As we explained in Beating the Dementia Monster, Alzheimer's disease may begin as much as 15 years before the first symptoms appear and 20 years before actual dementia. Now new tests are emerging that can determine that someone has developed Alzheimer's disease before there are symptoms. So if you find someone has presymptomatic (or "prodromal") Alzheimer's disease, is it possible to predict when actual symptoms of memory loss etc. will begin to appear? Well, apparently so, and with a good bit of accuracy. Well, maybe not from the very beginning of the disease, but at least from when the amyloid plaques begin to form.
We know that in Alzheimer's disease, variant forms of amyloid peptide (strings of amino acids that were supposed to be proteins but got sidetracked) and variants of tau protein appear in the brain. There is more than one variant of each with varying levels of toxicity. The problematic version of amyloid forms the plaques and the tau forms the tangles we discussed in Beating the Dementia Monster. The plaques and tangles continue forming until the brain reaches a "tipping point" when there's an explosion of tau tangles throughout the brain.

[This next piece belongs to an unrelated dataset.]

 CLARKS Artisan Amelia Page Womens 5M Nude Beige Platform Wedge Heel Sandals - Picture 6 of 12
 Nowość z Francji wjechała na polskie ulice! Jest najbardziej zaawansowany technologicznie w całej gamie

So researchers would like to measure the time from when the first plaques appear to when the first symptoms appear. And it appears that's a fairly well defined and regular time period. Researchers at Washington University Saint Louis measured the amount of the protein known as p-tau217 in cerebrospinal fluid and found that it rises at a pretty consistent rate among different people after passing the tipping point. This means that if you know someone's age when they reached the tipping point, you can predict when symptoms will begin with reasonable accuracy. The research results were presented by Dr. Suzanne Schindler at the TAU2022 virtual Global Conference this past February 22-23.

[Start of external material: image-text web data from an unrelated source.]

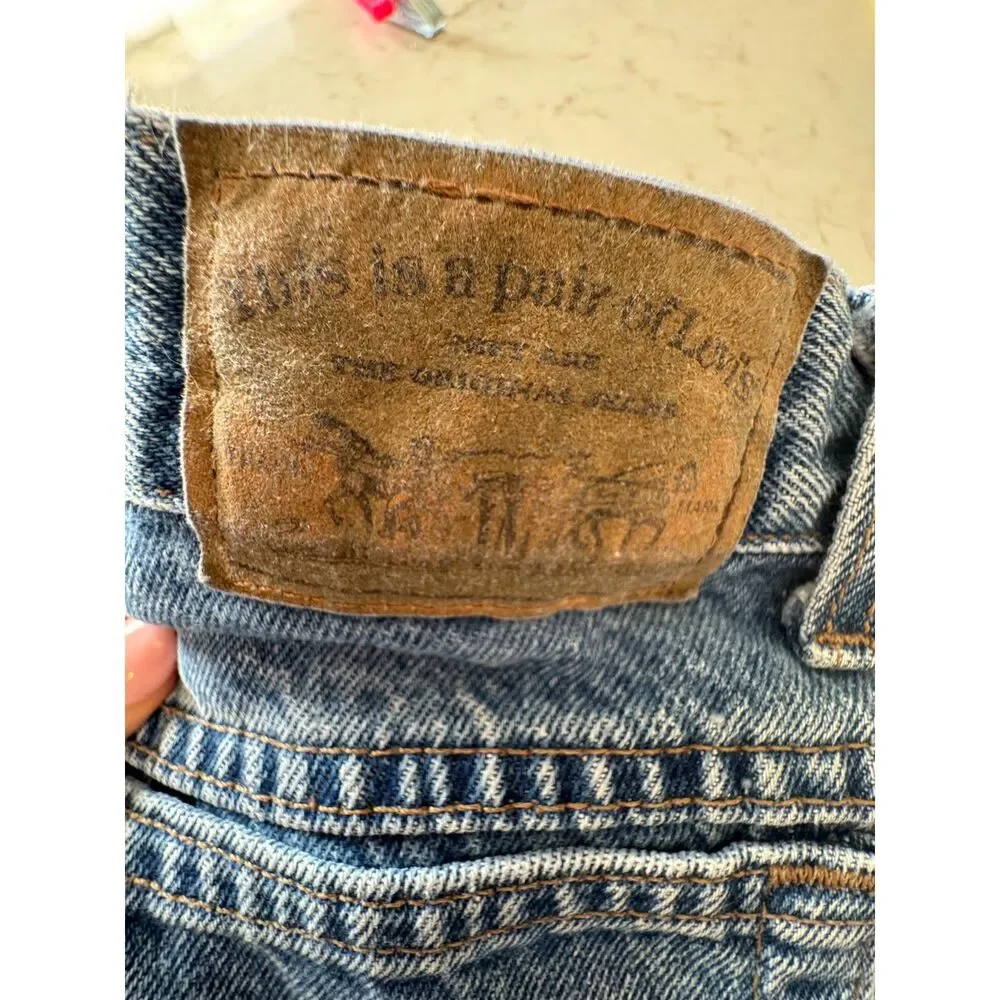 👖 Levi's 900 Series Jeans Sz 8 • 100% Cotton • 13 waist x31inseam Vintage Fit ✨ - Picture 5 of 5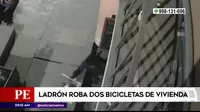 Ladrón roba dos bicicletas de vivienda en San Juan de Miraflores
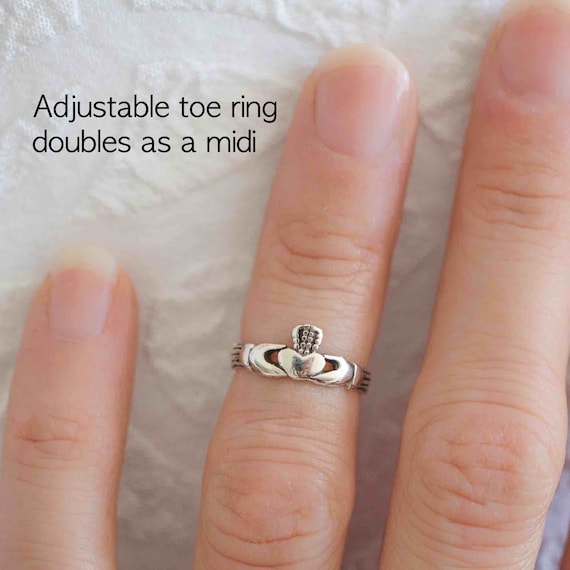 Adjustable claddagh ring deals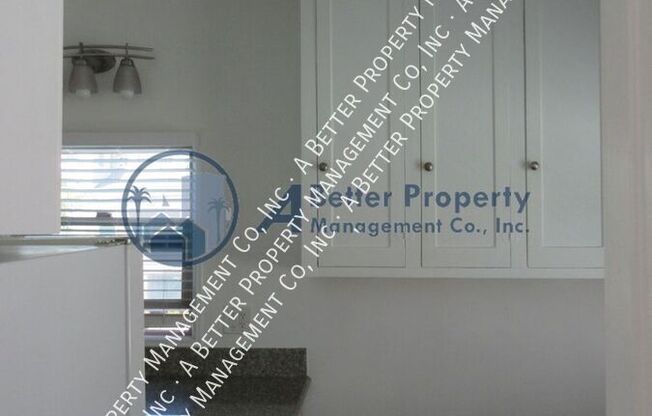 6108 E OCEAN BLVD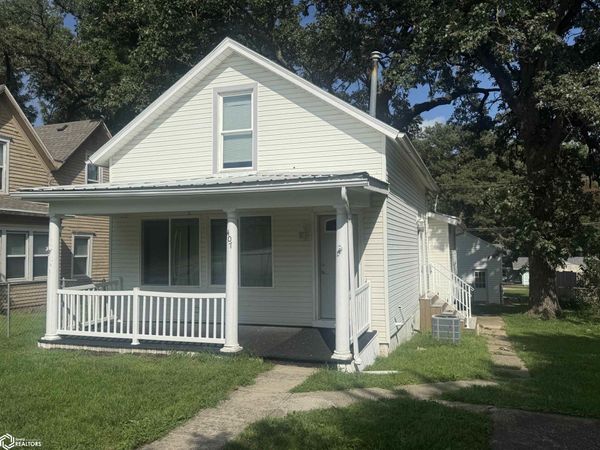 407 N Chestnut Street, Avoca, IA 51521
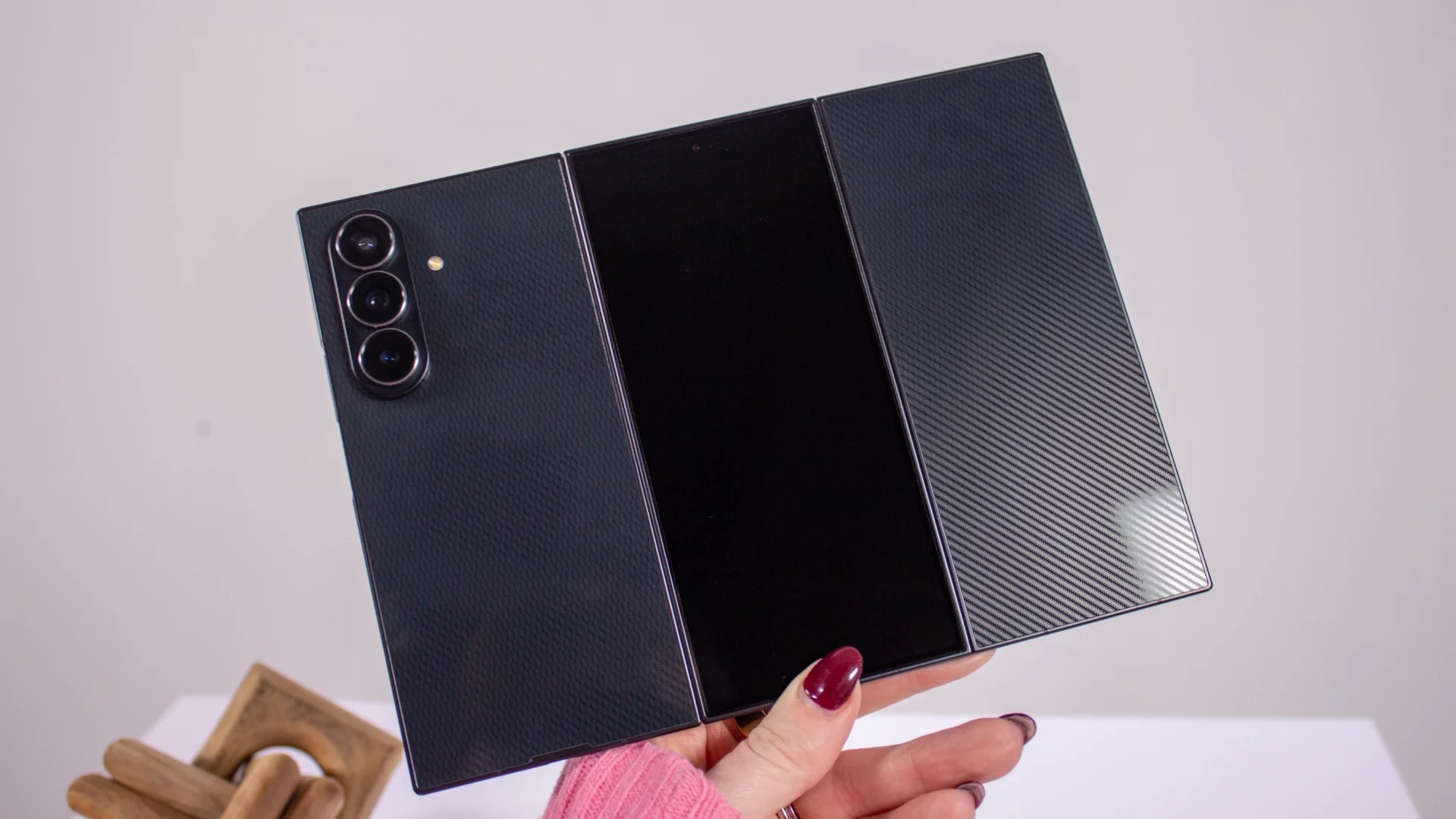 Смартфон Samsung Galaxy Z TriFold 2: будущее | DGL.RU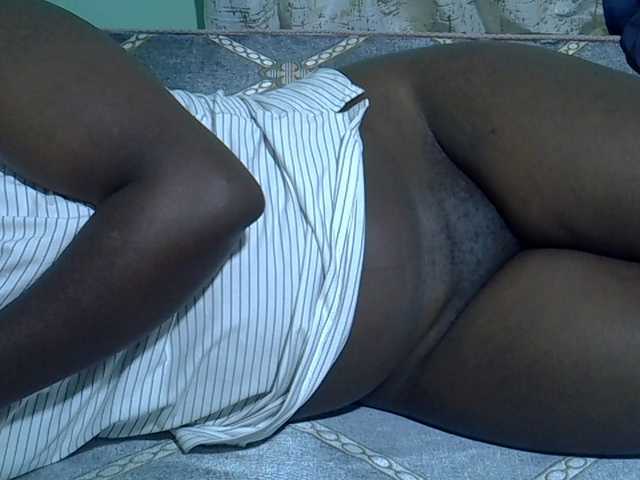 Bubblybooty live cam on BongaCams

So why would we want to know this? Primarily as an aid in clinical trials for different treatments, especially those (like aducanumab) directed at dealing with amyloid plaques. The expectation is that a new, effective treatment for Alzheimer's disease must be active during the preclinical phase of the disease -- before the first symptoms. Researchers measuring the effectiveness of a given treatment will want to know throughout the trial how far the disease has progressed and anticipate when symptoms will begin to present.
So why do I care about this? Mostly I just thought it was really interesting to learn how consistently the disease develops among different people. However, since the symptoms manifest with varying effect in different people, I'm led to speculate that, while the underlying disease may advance similarly in different people, life style choices nevertheless influence the severity of the symptoms. In Beating the Dementia Monster, we discussed the Nun Study. In the Nun Study, Sister Mary lived to be over 100 years old and appeared to be cognitively healthy. But her autopsy found that her brain had been ravaged by Alzheimer's disease. This has been correlated with her healthy lifestyle.